Caption-style text data
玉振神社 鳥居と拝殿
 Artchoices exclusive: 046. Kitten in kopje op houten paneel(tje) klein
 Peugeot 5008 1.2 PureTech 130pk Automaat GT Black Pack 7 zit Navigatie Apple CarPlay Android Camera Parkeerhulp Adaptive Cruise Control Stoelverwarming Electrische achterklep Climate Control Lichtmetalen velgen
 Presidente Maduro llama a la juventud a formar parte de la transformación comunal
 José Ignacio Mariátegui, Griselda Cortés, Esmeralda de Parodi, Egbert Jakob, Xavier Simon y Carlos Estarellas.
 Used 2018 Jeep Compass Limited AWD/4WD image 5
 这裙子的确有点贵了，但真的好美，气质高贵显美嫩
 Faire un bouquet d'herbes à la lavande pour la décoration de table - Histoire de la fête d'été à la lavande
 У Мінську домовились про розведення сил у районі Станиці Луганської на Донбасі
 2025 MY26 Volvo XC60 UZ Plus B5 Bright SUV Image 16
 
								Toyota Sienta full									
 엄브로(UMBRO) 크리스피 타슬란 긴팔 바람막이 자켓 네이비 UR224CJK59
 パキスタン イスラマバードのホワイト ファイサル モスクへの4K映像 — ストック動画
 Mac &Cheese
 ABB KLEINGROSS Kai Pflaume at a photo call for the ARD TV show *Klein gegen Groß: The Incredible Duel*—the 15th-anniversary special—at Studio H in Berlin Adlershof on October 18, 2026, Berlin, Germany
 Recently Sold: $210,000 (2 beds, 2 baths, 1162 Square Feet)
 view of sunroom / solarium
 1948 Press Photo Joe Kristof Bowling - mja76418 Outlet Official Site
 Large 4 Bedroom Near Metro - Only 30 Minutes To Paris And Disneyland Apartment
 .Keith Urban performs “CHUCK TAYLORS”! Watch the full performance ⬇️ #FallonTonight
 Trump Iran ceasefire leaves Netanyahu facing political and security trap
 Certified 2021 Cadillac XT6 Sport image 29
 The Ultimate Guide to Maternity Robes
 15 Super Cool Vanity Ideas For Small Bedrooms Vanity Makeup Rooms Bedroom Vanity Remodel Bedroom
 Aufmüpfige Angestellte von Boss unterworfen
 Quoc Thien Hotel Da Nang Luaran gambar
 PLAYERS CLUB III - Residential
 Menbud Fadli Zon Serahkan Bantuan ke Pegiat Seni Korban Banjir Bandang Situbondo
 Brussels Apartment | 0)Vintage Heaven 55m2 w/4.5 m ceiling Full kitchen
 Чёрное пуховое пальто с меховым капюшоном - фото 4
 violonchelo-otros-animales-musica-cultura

WHAT TO PRODUCE
Nothing above should be left out. Print all the records exactly.

RESPONSE TO THE TASK
玉振神社 鳥居と拝殿
 Artchoices exclusive: 046. Kitten in kopje op houten paneel(tje) klein
 Peugeot 5008 1.2 PureTech 130pk Automaat GT Black Pack 7 zit Navigatie Apple CarPlay Android Camera Parkeerhulp Adaptive Cruise Control Stoelverwarming Electrische achterklep Climate Control Lichtmetalen velgen
 Presidente Maduro llama a la juventud a formar parte de la transformación comunal
 José Ignacio Mariátegui, Griselda Cortés, Esmeralda de Parodi, Egbert Jakob, Xavier Simon y Carlos Estarellas.
 Used 2018 Jeep Compass Limited AWD/4WD image 5
 这裙子的确有点贵了，但真的好美，气质高贵显美嫩
 Faire un bouquet d'herbes à la lavande pour la décoration de table - Histoire de la fête d'été à la lavande
 У Мінську домовились про розведення сил у районі Станиці Луганської на Донбасі
 2025 MY26 Volvo XC60 UZ Plus B5 Bright SUV Image 16
 
								Toyota Sienta full									
 엄브로(UMBRO) 크리스피 타슬란 긴팔 바람막이 자켓 네이비 UR224CJK59
 パキスタン イスラマバードのホワイト ファイサル モスクへの4K映像 — ストック動画
 Mac &Cheese
 ABB KLEINGROSS Kai Pflaume at a photo call for the ARD TV show *Klein gegen Groß: The Incredible Duel*—the 15th-anniversary special—at Studio H in Berlin Adlershof on October 18, 2026, Berlin, Germany
 Recently Sold: $210,000 (2 beds, 2 baths, 1162 Square Feet)
 view of sunroom / solarium
 1948 Press Photo Joe Kristof Bowling - mja76418 Outlet Official Site
 Large 4 Bedroom Near Metro - Only 30 Minutes To Paris And Disneyland Apartment
 .Keith Urban performs “CHUCK TAYLORS”! Watch the full performance ⬇️ #FallonTonight
 Trump Iran ceasefire leaves Netanyahu facing political and security trap
 Certified 2021 Cadillac XT6 Sport image 29
 The Ultimate Guide to Maternity Robes
 15 Super Cool Vanity Ideas For Small Bedrooms Vanity Makeup Rooms Bedroom Vanity Remodel Bedroom
 Aufmüpfige Angestellte von Boss unterworfen
 Quoc Thien Hotel Da Nang Luaran gambar
 PLAYERS CLUB III - Residential
 Menbud Fadli Zon Serahkan Bantuan ke Pegiat Seni Korban Banjir Bandang Situbondo
 Brussels Apartment | 0)Vintage Heaven 55m2 w/4.5 m ceiling Full kitchen
 Чёрное пуховое пальто с меховым капюшоном - фото 4
 violonchelo-otros-animales-musica-cultura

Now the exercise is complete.